CENTERVILLE — Residents who don’t want fluoridated water can fill up their buckets at a special well, but they’ll still be paying for fluoridation.
The City Council is raising water rates to cover costs of equipment and equipment installation to fluoridate the city’s water supply. The flat-fee rate hike represents a 10 percent increase over what a home with modest water use is already paying.
Centerville is attempting to accommodate those who oppose fluoride by installing a tap at the well located at about 200 South and 200 East. This tap will allow people who prefer not to have their drinking water fluoridated to draw their own water before it goes through the fluoridation process. They will have to furnish the water containers and collect the water on their own time and at their own expense.
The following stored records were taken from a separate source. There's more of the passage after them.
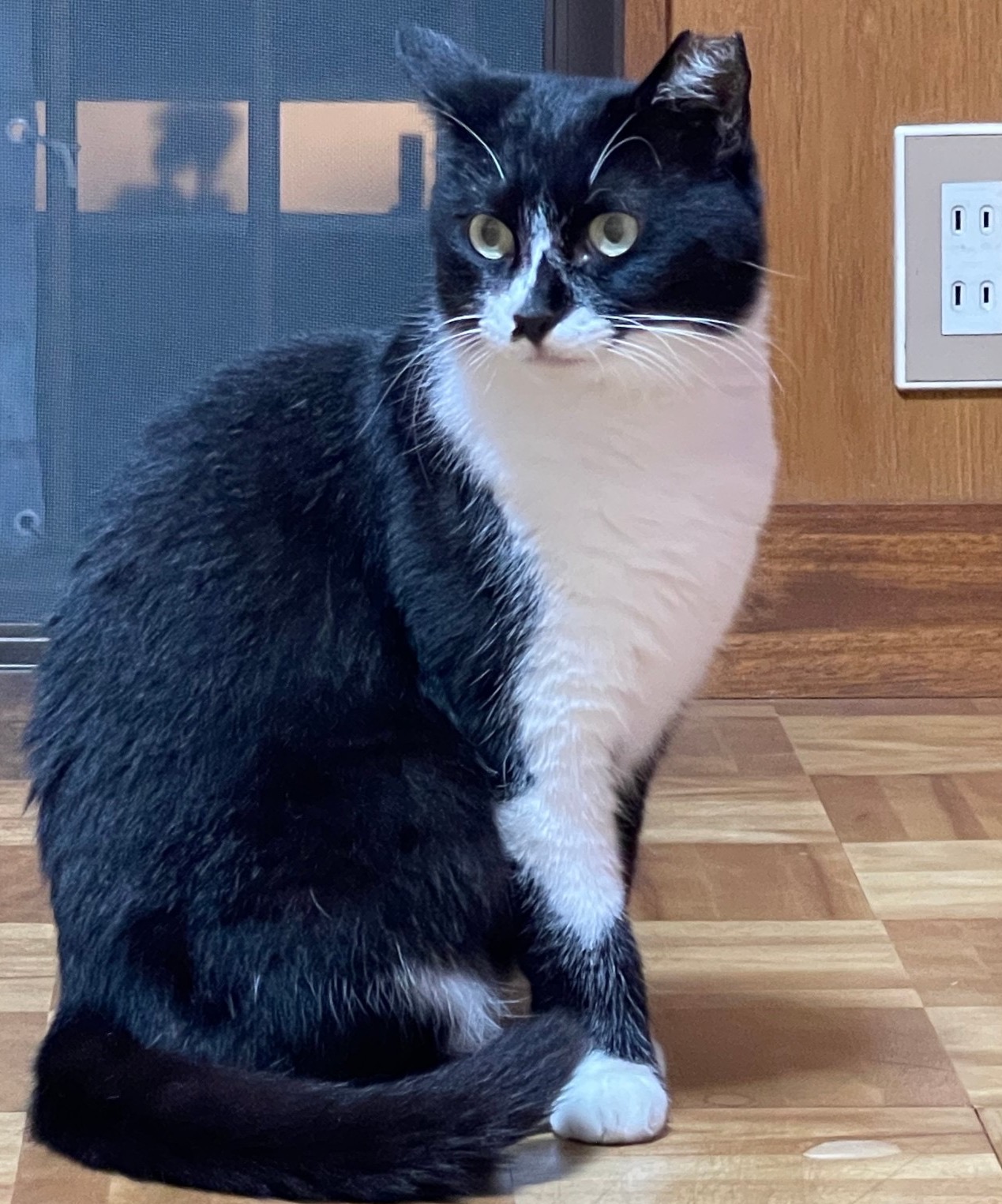 のんびりすずちゃん❣️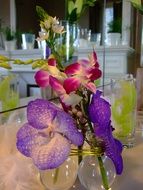 Beautiful colorful flowers on the table in the spring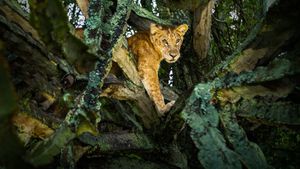 Tree Climbing Lions's poster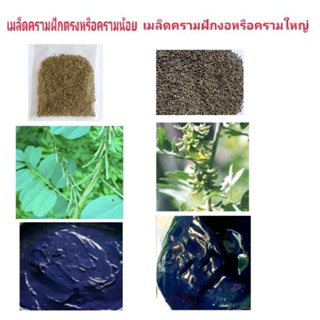 เมล็ดครามฝักตรงและครามฝักงอ 20 กรัม 49.-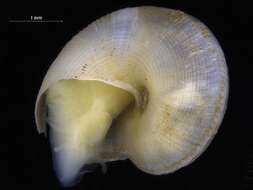 Image of Anatomidae McLean 1989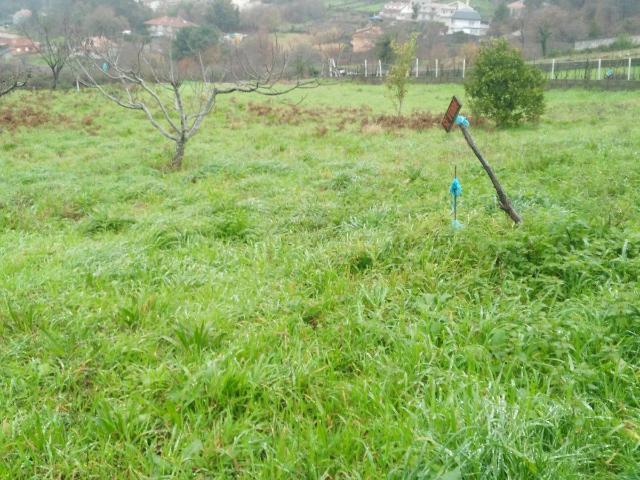 Chalet en venta en Navia, Vigo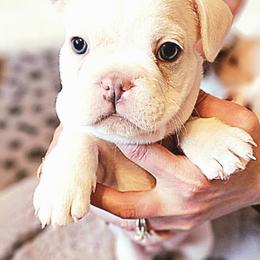 French Bulldog Puppies from Shawhan Family Frenchies
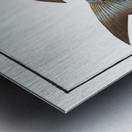 Goldlin Sparus Salpa Metal print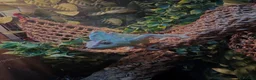 Chameleon reptiles for sale: Male Veiled Chameleons - Advert 4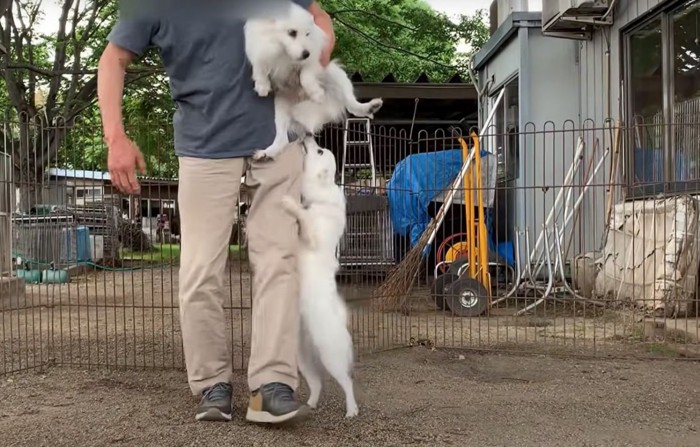 抱っこされた犬に飛びつく犬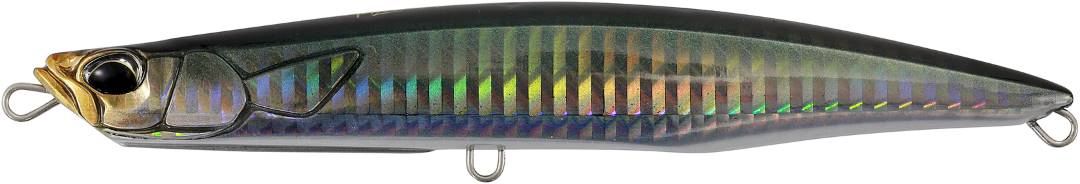 CHA0114 - Clear Anchovy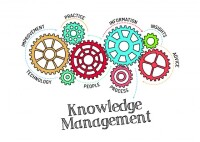 Knowledge management partners, llc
The road to fluoridation has not been a smooth one for Centerville. Fluoridation was approved in November 2000 in a countywide vote, with Sunset, West Point, South Weber, Woods Cross and West Bountiful cities voting against the measure. In Centerville, fluoridation opponent Richard G. Brown spearheaded an effort to collect enough signatures to petition the City Council to hold a municipal election on the issue. With about a third of the city”s registered voters turning out, the city voted again to proceed with fluoridation.
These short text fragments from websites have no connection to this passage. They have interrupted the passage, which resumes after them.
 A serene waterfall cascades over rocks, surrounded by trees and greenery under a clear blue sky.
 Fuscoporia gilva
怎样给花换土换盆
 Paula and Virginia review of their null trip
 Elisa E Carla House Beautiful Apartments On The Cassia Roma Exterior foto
As the fluoride mandate itself provides no funds for implementation, the city had to examine funding options, including a rate hike. The rate hike itself is two-pronged: $2.30 of the monthly increase will fund capital improvements like the purchase of the equipment necessary to fluoridate the city”s water supply, the enlarging of several of the city”s seven pump houses to accommodate the new equipment, and the development of an eighth well. The other $1 will go into a reserve fund.
Rate increases covering the means to fluoridate Davis County”s water supply will vary widely from city to city and depend to a great extent on how many wells serve a city and how much water the city pipes in from the Weber Basin Water Conservancy District.
Cities range in the amount of water they receive from the conservancy district from a low of 9 percent to a high of 100 percent. Centerville falls to the low end with 31 percent.
Mayor Michael Deamer said “water independency” — seeing Centerville develop the resources so it supplies all of its own water — is a goal he would like to see accomplished.
Councilwoman Nancy Smith was the lone dissenting party in the 4-1 vote March 19 to raise water rates.
She said the costs that the Davis County Board of Health quoted when the issue was first voted on “grossly misrepresented the actual costs of fluoridating our water supply.”
“The Board of Health represented the cost to the consumers as being in the range of 28 cents to a dollar per household per year,” Smith said. “There”s a big difference between pennies a year and the actual increase we”re asking our residents to bear of $3.20 per month.”
“I feel it”s not fair to place a burden on the people of Centerville to pay for a “want” before we even have a way as a city government of meeting all their needs,” she said. “And I do feel that any government needs to know where it has a right to step in and where it doesn”t. A government cannot be the custodian of our souls.”